Reflections on the Water
(A Petrarchan Sonnet)
On water, fine reflections reign supreme,
With mirrored images that float in sight,
Of colors – purple, green, with red and white.
This tableau that sits simply so serene
Beside a building looking most pristine,
Through shining glass clad windows, such delight
That fills the mind with thoughts of fancy flight,
A vision placed as if it were a dream.
Yet, were the water to be swiftly drained,
Too soon would these reflections disappear.
Might quickly kill the plants and mare our cheer.
The elegance of art would be profaned.
So, let us pray those waters stay in place,
This circumstance must never be the case.
Oh the beauty of reflections on water. This one is a floating garden, man made. It is next to the Como Park Conservatory.
Petrarch developed the Italian sonnet pattern, which is known to this day as the Petrarchan sonnet or the Italian sonnet. Francesco Petrarca (Petrarch in English; July 20, 1304 -July 19, 1374) was a scholar and poet in Renaissance Italy. Petrarch’s sonnets were admired and imitated throughout Europe during the Renaissance and became a model for lyrical poetry. He is also known for being the first to develop the concept of the “Dark Ages”.
Because of the structure of Italian, the rhyme scheme of the Petrarchan Sonnet is more easily fulfilled in that language than in English. The original Italian sonnet form divides the poem’s 14 lines into two parts, the first part being an octave and the second being a sestet. The rhyme scheme for the octave is typically:
a b b a a b b a.
The sestet is more flexible.
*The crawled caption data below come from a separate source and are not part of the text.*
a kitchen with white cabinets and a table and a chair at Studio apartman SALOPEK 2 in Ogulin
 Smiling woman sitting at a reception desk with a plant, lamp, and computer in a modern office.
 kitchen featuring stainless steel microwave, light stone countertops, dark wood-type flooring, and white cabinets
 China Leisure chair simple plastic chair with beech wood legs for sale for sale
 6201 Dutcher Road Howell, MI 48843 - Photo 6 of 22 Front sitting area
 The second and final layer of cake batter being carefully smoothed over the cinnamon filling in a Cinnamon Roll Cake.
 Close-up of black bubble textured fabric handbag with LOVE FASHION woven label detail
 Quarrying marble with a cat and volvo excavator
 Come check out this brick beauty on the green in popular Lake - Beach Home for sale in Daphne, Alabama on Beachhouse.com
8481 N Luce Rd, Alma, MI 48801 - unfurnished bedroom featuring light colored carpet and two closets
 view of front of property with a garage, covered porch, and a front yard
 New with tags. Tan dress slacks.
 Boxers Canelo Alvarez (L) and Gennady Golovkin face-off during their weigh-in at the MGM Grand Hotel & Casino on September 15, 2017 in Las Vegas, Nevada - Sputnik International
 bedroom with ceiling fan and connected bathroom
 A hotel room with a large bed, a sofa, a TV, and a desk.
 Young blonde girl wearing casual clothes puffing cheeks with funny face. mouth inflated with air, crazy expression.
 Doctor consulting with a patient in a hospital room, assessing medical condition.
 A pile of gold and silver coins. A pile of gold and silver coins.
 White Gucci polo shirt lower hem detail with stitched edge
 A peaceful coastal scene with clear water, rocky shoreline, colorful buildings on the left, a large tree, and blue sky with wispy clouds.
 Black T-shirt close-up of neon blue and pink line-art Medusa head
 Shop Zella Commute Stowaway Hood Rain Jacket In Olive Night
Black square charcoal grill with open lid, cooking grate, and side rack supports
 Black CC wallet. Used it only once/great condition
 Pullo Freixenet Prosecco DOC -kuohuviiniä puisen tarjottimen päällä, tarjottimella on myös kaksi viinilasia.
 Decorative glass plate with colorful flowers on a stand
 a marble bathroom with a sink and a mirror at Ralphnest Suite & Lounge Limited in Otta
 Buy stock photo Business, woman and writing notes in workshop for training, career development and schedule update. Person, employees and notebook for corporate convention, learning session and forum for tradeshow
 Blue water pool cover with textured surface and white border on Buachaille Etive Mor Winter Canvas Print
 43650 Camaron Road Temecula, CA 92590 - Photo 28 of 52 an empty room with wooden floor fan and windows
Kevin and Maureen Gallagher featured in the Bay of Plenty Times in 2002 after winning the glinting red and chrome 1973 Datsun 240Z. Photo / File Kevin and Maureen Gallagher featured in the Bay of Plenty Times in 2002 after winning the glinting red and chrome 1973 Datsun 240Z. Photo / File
In Italian sonnets in English,
c d d c e e and c d c d e e are most used.
The octave and sestet have special functions in a Petrarchan Sonnet. The octave’s purpose is to introduce a problem, express a desire, reflect on reality, or otherwise present a situation that causes doubt or conflict within the speaker. It usually does this by introducing the problem within its first quatrain (unified four-line section) and developing it in the second. The beginning of the sestet is known as the volta, and it introduces a pronounced change in tone in the sonnet; the change in rhyme scheme marks the turn. The sestet’s purpose as a whole is to make a comment on the problem or to apply a solution to it. The pair are separate but usually used to reinforce a unified argument – they are often compared to two strands of thought organically converging into one argument. Source: Wikipedia.